Tiré par les cheveux? Sans doute. Mais ce scénario s'est effectivement déroulé la semaine passée à Harvard. Il suffit de remplacer «germanique», «nazisme» et «Kampf» par, respectivement, «islamique», «militantisme islamique» et «djihad».
Les membres de la faculté prièrent en effet Zayed Yasin, 22 ans, ex-président de la Harvard Islamic Society, de donner une allocution lors de la remise des diplômes. Or, on sait qu'il chanta les louanges et récolta des fonds en faveur de la Holy Land Foundation for Relief and Development (Fondation de la Terre sainte pour le secours et le développement), un groupe islamique militant interdit par le président Bush.
Yasin intitula son discours «American Jihad», faisant référence au djihad d'Oussama Ben Laden contre les États-Unis. Yasin déclara son intention de convaincre ses 32 000 spectateurs que «le djihad n'est pas une chose qui devrait donner une impression désagréable».
Hmm. La très respectée «Encyclopaedia of Islam» définit le djihad comme étant une «action militaire visant l'expansion de l'Islam» et estime que son caractère est «essentiellement offensif». La spécialiste Bat Ye'or explique qu'à travers l'histoire, ce terme a signifié «la guerre, la dépossession (...), l'esclavage et la mort» pour les non-Musulmans. Toutes choses qui devraient sans doute «donner une impression désagréable»?
Cet épisode n'est hélas pas une aberration isolée, mais le signe de deux évolutions importantes:
L'apologie de l'Islam militant. Le camouflage de l'héritage horrible du djihad est devenu une démarche usuelle à Harvard. Un professeur d'histoire islamique y décrit le djihad comme «une lutte non armée». Le conseiller pédagogique de la Harvard Islamic Society définit l'authentique djihad comme un acte à peine aussi redoutable que «de se consacrer à de bonnes uvres en société». Tout cela participe d'un effort visant à affirmer que l'Islam n'a rien à voir avec les attentats du 11 septembre.
Neutralité en temps de guerre.

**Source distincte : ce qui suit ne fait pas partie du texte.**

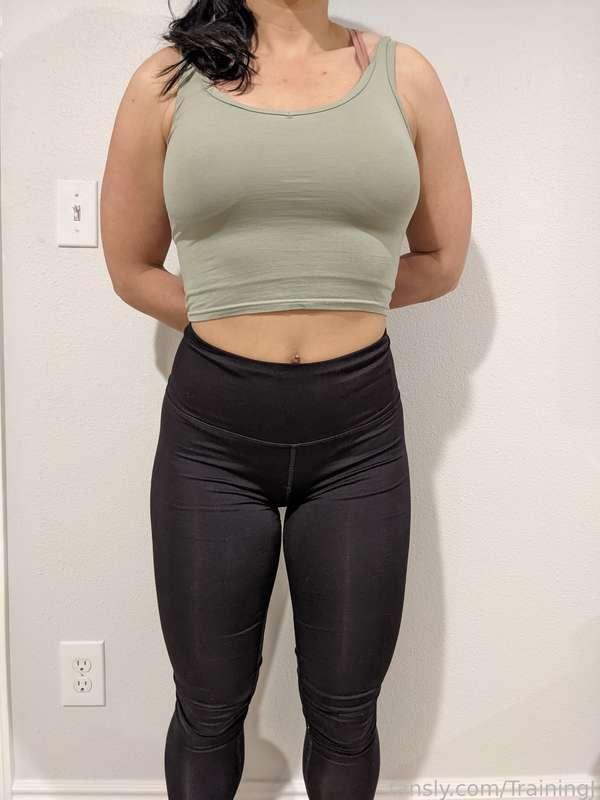 On my way to the gym!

Harvard se montre neutre dans la guerre actuelle, comme le relevait l'étudiant en gestion d'entreprise Pat Collins dans un commentaire caustique du Washington Times. Prenons l'exemple du Hamas: le président Bush l'a appelé «l'une des organisations terroristes les plus meurtrières du monde actuel», mais un porte-parole de Harvard répondit simplement «no comment» lorsqu'on lui demanda s'il s'agissait bien d'un organisme terroriste et si l'université avait autorisé qu'on procède à des collectes de fonds dans son enceinte en faveur du Hamas.
Même aujourd'hui, les groupes islamiques militants jouissent d'un accès sans restriction aux équipements de l'université et ont le droit d'y vanter leurs activités. Pour l'instant, le ROTC (Reserve Officers Training Corps), un programme de cours pour les membres des forces armées, est l'unique groupe d'étudiants à qui l'université refuse l'accès à ses installations et interdit d'y diffuser ses informations.

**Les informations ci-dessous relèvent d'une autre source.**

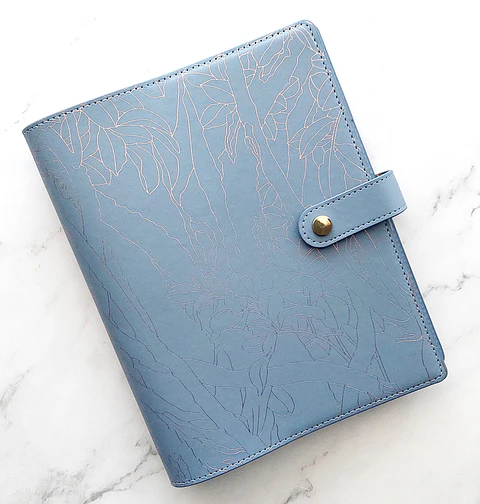 The Luxe Binder | A5 | Azul (2da Selección)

Malheureusement, l'attitude de Harvard est typique de la presque totalité des universités américaines. Quasiment tous les spécialistes des études moyen-orientales dissimulent la vérité sur le djihad et (comme le révèle un inquiétant rapport d'ACTA, un conseil d'administrateurs et d'anciens universitaires, intitulé «Defending Civilisation») presque tous les campus affichent leur mépris pour l'effort de guerre américain (sur l'air de «la meilleure manière de débuter une guerre contre le terrorisme serait peut-être de regarder dans le miroir»).
«Vous êtes avec nous, ou vous êtes contre nous»: Harvard et les autres universités devraient procéder à un examen de conscience approfondi et définir clairement leur position.
Daniel Pipes est titulaire d'une licence et d'un doctorat de l'université de Harvard et y a enseigné l'histoire.